[Recorded data]
################

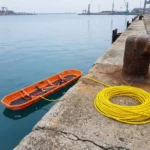 reddingsberrie-water-nooduitrusting-haven-redding.jpg Oranje SKED reddingsbrancard drijvend op kalm blauw water naast betonnen kade met reddingstouw in industriële haven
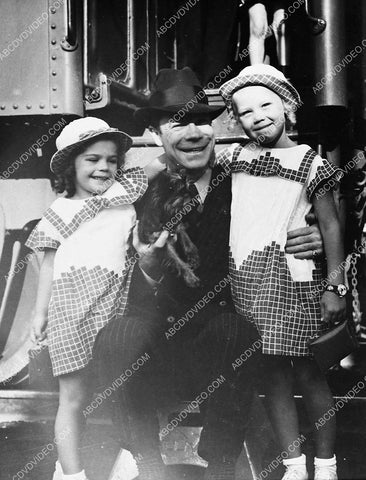 Joe E Brown at train station w daughters Mary Elizabeth and Kathryn Frances and their dog 5585-23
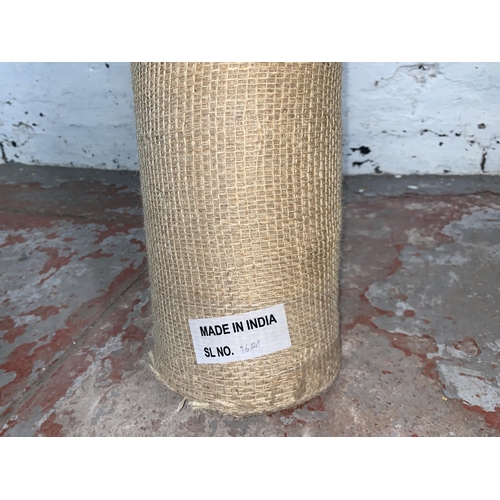 235 - A roll of hessian fabric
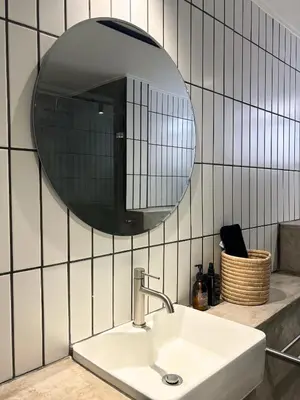 a bathroom with a sink and a mirror at The Paarl Grand in Paarl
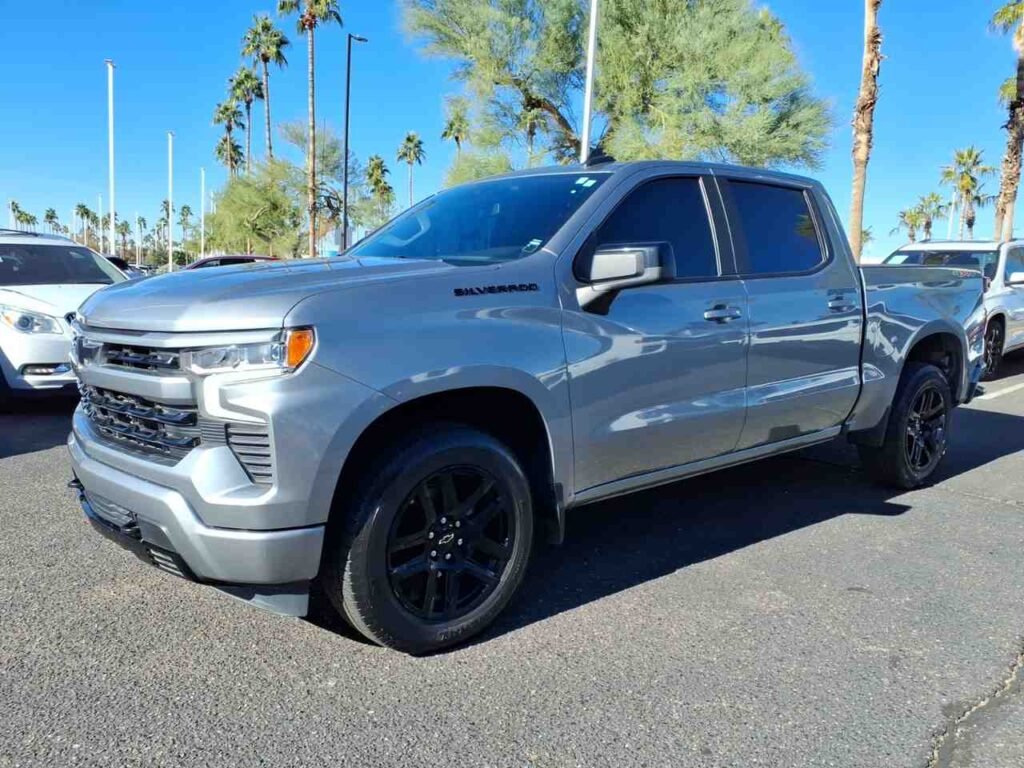 2023 Chevrolet Silverado 1500 RST pickup truck in silver, front three-quarter view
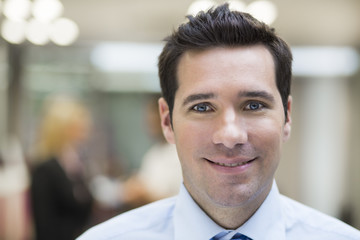 Smiling Businessman posing while colleagues talking Background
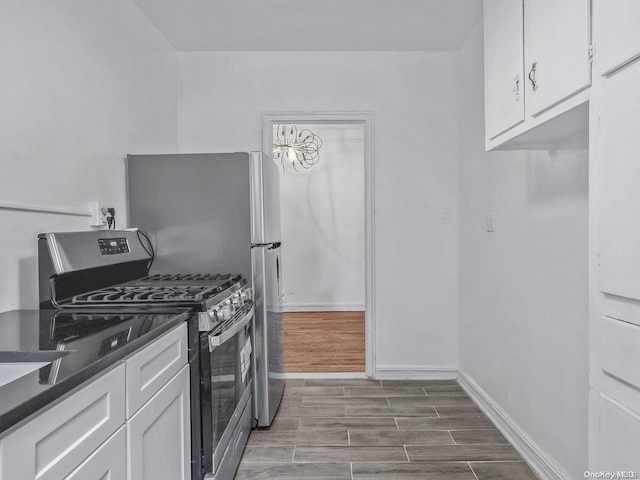 kitchen with wood-type flooring, gas stove, and white cabinetry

################

> Your task
All lines from the one that contains "Smiling Businessman posing" through the last line of the data should be retyped exactly, with the pictures left out.

> Answer section
 Smiling Businessman posing while colleagues talking Background
 kitchen with wood-type flooring, gas stove, and white cabinetry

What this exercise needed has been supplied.